Miguel Falabella volta para trás das câmeras para dar vida à Veneza, longa baseado na peça de teatro homônima do escritor argentino Jorge Accame e que já estava em sua lista de desejo há mais de 10 anos.

Veneza conta a história de Gringa, uma mulher espanhola idosa e cega, dona de um prostíbulo, que viveu um grande amor quando era jovem e trabalhava como prostituta e conheceu o italiano Giácomo. Ele, também apaixonado, queria tirá-la da vida de prostituta para levá-la para Veneza, onde eles poderiam viver seu amor, porém, o meio encontrado por ele para tal liberdade foi “comprar” Gringa de sua cafetina. Gringa, obviamente, não concordou em ser tratada como mercadoria e eles acabaram se separando e ela vindo para o Brasil. Agora, anos depois e já distante de sua sanidade mental, a espanhola vive com o sonho de visitar a cidade italiana e pedir perdão a Giácomo.

Nos tempos atuais, o prostíbulo de Gringa abriga uma espécie de família unida, justamente, pela solidão. Dira Paes vive Rita, ela é quem manda na casa e vive uma espécie de romance com Tonho, interpretado por Eduardo Moscovis, um homem simples e nem um pouco refinado, ele é filho de prostituta e cresceu nesse meio, se tornando um “protetor” para as mulheres, ao mesmo tempo em que cobra serviços sexuais delas. Também faz parte desse núcleo, e é merecedora de destaque, Carol Castro como Madalena, ao lado de Danielle Winits como Jerusa.

Em meio às tentativas de criar uma Veneza brasileira para Gringa, ainda temos a história de Madalena e Julio (Yuri Ribeiro), um rapaz que é sempre levado ao bordel por seu pai para se relacionar com Madalena. O que o pai nem imagina, no entanto, é que Julio aproveita o tempo a sós que tem com Madalena para se travestir e o casal tem o sonho de ir para a cidade grande viver juntos e longe dos preconceitos do interior. A história de amor dos dois passa por muitas provações e eles são responsáveis pelos momentos mais angustiantes do filme.

Para contar essa história, Falabella optou por uma linguagem não só teatral, mas também muito lúdica.

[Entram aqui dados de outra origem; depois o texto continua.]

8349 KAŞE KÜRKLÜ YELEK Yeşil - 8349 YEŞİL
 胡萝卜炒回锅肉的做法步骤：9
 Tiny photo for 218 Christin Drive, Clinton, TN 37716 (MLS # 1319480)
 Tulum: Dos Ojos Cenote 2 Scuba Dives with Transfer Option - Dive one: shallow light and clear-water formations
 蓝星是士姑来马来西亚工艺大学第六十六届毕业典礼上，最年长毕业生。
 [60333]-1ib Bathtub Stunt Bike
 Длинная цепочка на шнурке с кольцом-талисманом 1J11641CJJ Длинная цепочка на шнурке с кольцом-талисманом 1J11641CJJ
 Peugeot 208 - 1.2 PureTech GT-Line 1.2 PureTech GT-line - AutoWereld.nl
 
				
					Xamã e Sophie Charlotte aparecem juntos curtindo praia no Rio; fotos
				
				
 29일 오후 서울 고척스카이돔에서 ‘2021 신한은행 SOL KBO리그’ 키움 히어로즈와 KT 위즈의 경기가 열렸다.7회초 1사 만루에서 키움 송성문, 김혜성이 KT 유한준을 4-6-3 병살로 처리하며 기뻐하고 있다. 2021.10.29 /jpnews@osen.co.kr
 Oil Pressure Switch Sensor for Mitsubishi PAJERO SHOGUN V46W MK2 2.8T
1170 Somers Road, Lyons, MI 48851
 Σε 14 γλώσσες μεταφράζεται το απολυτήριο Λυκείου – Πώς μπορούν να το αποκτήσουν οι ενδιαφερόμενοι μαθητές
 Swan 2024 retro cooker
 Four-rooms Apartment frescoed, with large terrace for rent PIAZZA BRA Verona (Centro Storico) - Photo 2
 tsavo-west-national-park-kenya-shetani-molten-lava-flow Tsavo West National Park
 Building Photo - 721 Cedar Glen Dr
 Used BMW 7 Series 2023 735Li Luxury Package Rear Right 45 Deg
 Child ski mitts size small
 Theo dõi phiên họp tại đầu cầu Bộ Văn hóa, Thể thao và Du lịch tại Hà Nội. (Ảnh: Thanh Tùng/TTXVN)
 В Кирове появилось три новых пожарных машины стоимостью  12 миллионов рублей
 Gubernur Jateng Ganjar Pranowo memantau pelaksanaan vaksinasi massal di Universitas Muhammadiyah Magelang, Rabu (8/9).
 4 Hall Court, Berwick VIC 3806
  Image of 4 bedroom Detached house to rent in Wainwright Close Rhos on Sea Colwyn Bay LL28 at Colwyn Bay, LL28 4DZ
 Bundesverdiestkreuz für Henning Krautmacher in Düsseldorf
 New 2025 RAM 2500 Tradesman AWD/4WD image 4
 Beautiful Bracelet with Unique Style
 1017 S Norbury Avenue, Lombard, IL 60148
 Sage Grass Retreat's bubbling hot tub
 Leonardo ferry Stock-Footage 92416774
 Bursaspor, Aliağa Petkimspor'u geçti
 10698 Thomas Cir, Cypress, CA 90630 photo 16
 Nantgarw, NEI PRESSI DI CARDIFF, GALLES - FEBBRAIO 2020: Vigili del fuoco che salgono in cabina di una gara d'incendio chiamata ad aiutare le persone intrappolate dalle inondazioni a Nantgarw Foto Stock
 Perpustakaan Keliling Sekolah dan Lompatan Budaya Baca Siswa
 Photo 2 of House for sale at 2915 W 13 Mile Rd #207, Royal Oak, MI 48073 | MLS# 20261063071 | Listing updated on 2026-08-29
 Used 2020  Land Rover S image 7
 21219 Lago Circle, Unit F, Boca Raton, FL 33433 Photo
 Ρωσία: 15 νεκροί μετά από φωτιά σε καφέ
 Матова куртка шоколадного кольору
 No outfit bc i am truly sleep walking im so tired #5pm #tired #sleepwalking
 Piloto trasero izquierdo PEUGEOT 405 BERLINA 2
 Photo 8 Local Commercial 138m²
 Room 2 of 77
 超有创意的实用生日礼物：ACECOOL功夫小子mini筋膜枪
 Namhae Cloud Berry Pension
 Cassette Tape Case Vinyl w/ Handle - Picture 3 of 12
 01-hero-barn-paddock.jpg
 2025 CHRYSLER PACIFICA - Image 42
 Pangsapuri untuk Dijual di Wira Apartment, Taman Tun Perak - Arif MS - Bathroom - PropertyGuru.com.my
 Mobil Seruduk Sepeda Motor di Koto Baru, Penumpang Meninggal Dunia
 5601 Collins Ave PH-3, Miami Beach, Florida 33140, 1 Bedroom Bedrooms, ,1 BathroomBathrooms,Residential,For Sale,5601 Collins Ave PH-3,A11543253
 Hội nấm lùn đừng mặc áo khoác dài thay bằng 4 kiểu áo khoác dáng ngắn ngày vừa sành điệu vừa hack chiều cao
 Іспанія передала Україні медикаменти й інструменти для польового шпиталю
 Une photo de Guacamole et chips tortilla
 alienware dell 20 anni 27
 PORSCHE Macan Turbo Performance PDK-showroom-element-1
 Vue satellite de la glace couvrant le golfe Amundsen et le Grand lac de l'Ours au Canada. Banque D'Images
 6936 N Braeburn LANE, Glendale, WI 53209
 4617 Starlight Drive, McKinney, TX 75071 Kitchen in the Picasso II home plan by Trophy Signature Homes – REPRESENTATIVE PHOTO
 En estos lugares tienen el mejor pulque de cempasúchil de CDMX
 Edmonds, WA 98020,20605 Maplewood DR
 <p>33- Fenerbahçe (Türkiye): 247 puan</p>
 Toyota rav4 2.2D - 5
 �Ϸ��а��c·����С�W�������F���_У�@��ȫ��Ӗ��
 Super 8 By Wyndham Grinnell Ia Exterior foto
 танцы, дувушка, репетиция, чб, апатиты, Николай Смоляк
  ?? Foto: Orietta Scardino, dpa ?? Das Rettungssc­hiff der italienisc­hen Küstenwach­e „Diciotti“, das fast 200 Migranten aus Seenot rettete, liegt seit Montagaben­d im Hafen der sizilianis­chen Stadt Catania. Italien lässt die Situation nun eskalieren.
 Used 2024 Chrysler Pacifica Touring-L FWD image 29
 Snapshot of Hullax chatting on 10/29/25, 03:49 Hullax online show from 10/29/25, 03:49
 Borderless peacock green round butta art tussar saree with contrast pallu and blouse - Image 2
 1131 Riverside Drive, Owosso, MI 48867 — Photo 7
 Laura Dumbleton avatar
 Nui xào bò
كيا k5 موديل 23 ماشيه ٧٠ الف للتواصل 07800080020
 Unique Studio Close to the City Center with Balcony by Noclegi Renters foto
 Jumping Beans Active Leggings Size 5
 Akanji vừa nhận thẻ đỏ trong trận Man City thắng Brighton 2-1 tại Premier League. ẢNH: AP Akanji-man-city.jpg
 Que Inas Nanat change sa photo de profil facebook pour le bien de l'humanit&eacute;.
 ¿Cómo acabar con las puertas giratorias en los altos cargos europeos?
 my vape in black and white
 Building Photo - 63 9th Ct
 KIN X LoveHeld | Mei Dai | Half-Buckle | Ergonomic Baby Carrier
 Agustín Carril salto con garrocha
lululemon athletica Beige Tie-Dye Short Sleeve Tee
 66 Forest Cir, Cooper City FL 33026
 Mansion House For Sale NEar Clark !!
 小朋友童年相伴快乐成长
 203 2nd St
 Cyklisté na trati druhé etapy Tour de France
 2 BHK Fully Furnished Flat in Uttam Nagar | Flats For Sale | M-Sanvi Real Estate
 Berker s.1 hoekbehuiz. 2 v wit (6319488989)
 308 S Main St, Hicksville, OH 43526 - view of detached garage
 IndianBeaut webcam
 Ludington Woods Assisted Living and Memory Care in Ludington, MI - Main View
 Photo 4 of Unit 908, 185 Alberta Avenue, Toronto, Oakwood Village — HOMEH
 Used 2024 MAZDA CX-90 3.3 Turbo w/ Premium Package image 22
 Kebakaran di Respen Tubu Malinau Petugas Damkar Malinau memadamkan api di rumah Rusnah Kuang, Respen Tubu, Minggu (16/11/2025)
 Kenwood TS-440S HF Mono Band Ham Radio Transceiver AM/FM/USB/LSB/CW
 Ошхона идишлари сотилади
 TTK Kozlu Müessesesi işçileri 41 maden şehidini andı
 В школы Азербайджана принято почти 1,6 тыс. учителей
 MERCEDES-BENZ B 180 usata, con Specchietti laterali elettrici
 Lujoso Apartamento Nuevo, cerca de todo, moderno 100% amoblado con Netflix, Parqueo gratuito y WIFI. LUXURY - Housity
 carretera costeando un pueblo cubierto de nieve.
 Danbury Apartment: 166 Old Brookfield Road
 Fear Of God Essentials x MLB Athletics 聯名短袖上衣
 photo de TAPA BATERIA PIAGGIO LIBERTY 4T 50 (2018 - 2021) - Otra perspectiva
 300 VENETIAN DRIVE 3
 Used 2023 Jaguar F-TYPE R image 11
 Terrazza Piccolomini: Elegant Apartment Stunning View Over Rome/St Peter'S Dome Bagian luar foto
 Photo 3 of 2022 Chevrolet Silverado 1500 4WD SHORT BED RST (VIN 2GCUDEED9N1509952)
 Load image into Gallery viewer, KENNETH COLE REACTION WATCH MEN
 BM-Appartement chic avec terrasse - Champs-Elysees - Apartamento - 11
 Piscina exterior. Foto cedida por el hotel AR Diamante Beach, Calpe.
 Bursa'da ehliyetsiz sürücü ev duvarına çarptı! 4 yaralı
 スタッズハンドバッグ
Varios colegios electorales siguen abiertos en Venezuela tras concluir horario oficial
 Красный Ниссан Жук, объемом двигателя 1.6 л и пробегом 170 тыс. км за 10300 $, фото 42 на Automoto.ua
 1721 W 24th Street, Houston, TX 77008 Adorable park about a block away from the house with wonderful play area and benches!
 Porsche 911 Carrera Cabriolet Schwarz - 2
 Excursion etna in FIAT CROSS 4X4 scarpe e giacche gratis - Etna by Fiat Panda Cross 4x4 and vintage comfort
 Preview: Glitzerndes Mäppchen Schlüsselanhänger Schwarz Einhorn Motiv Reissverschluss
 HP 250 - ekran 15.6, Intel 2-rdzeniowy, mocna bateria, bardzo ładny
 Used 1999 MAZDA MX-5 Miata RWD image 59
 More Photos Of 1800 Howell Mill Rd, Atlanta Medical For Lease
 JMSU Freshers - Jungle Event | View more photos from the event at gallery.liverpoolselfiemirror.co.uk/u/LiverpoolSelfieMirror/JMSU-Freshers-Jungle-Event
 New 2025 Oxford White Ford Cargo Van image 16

Além do núcleo do bordel, uma trupe circense ajuda a criar o clima propício para essa trama onírica quando, não conseguindo mais se esgueirar dos pedidos de Gringa para visitar Veneza, sua família postiça se junta para trazer Veneza até ela.

As influências de Fellini e, principalmente, de Almodóvar se fazem muito presentes, inclusive além do estilo, Falabella compartilha com Almodóvar sua musa Carmen Maura, que aqui interpreta a matriarca Gringa. Em algumas cenas fica mais clara a presença de certos caprichos cinematográficos não muito justificados, mas que não chegam a tirar o brilho da história.

O grande trunfo de Veneza é a sensibilidade com a qual Falabella consegue contar retratar as mazelas da vida dessas mulheres sem grandes perspectivas de vida. Os únicos cenários de todo o filme no período atual são o bordel e o circo e isso porque esses lugares são o mundo todo para essas pessoas que não conhecem nada além disso. Cada ida ao circo é vista por eles como uma coisa mágica, numa ingenuidade que não deveria condizer com pessoas que convivem diariamente com coisas negativas, mas é essa dualidade que emociona ainda mais.

O pecado de Veneza, que impede que o filme seja apenas acertos, talvez seja o excesso de relevância dada ao passado de Gringa e negligenciada na história de Madalena ou de Rita, por exemplo, que eram personagens ótimas e complexas, mas que acabaram sendo deixadas um pouco de lado para que Gringa pudesse brilhar mais.